62% (95% CI 52–71%) of studies described in A were subsequently P after a median 19 [IQR 9–33.3] months from conference presentation. Reporting of studies in A was of low quality: randomized 27% (the method of randomization and allocation concealment not described), blinded 0%, sample-size calculation stated 0%, specifying the primary outcome 26%, numbers given with denominators 6%, and stating number of animals used 47%. Only being an orally presented (vs. poster presented) A (14/16 vs. 48/84, p = 0.025) predicted P. Reporting of studies in P was of poor quality: randomized 39% (the method of randomization and allocation concealment not described), likely blinded 6%, primary outcome specified 5%, sample size calculation stated 0%, numbers given with denominators 34%, and number of animals used stated 56%. Changes in reporting from A to P occurred: from non-randomized to randomized 19%, from non-blinded to blinded 6%, from negative to positive outcomes 8%, from having to not having a stated primary outcome 16%, and from non-statistically to statistically significant findings 37%. Post-hoc, using publication data, P was predicted by having positive outcomes (published 62/62, unpublished 33/38; p = 0.003), or statistically significant results (published 58/62, unpublished 20/38; p < 0.001).
Only 62% (95% CI 52–71%) of animal research A are subsequently P; this was predicted by oral presentation of the A, finally having positive outcomes, and finally having statistically significant results.
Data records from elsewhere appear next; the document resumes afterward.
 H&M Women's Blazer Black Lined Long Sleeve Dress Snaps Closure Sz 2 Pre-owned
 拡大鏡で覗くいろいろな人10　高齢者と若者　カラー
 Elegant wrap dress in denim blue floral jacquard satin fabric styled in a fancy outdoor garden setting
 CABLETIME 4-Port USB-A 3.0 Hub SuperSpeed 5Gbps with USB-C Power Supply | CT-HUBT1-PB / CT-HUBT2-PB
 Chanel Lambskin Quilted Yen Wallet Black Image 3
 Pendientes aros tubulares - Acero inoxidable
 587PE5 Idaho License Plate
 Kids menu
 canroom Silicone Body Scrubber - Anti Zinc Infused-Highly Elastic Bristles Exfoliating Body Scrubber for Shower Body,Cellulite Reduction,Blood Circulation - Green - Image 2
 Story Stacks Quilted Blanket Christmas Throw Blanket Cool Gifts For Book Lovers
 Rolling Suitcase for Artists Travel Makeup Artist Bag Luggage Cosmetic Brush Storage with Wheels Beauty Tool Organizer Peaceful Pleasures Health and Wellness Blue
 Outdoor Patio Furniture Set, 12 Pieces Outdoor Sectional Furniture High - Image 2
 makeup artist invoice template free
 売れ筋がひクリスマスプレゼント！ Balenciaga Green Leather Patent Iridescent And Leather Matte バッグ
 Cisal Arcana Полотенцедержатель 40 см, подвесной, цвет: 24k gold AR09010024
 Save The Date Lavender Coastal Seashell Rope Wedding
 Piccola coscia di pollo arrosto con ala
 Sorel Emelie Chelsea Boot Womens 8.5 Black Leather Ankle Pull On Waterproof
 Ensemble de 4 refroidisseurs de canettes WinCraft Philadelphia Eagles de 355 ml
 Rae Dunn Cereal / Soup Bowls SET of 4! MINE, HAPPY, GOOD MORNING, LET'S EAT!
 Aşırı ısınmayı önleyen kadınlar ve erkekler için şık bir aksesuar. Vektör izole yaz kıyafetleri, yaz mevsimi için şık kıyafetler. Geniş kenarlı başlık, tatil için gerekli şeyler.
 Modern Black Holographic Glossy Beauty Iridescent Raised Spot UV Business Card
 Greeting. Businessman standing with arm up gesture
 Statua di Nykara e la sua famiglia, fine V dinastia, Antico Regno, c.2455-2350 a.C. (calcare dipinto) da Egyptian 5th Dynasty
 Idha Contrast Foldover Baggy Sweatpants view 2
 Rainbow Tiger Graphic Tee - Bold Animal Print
Publication bias is prevalent in critical care animal research.
Publication bias (PB) refers to preferential publication of research findings that have statistically significant positive outcomes . This is problematic because the published literature is what scientists and clinicians use to inform their research and clinical practice. Indeed, the enterprise of evidence based medicine rests on the assumption that the published literature is an accurate representation of the current knowledge base. If evidence from systematic literature reviews is a biased representation of knowledge, this is a heavy blow to the paradigm of evidence based medicine . The problem of PB is well recognized in clinical research; reviews suggest that only about half of research is published, and positive findings are a strong predictor of publication [3, 4].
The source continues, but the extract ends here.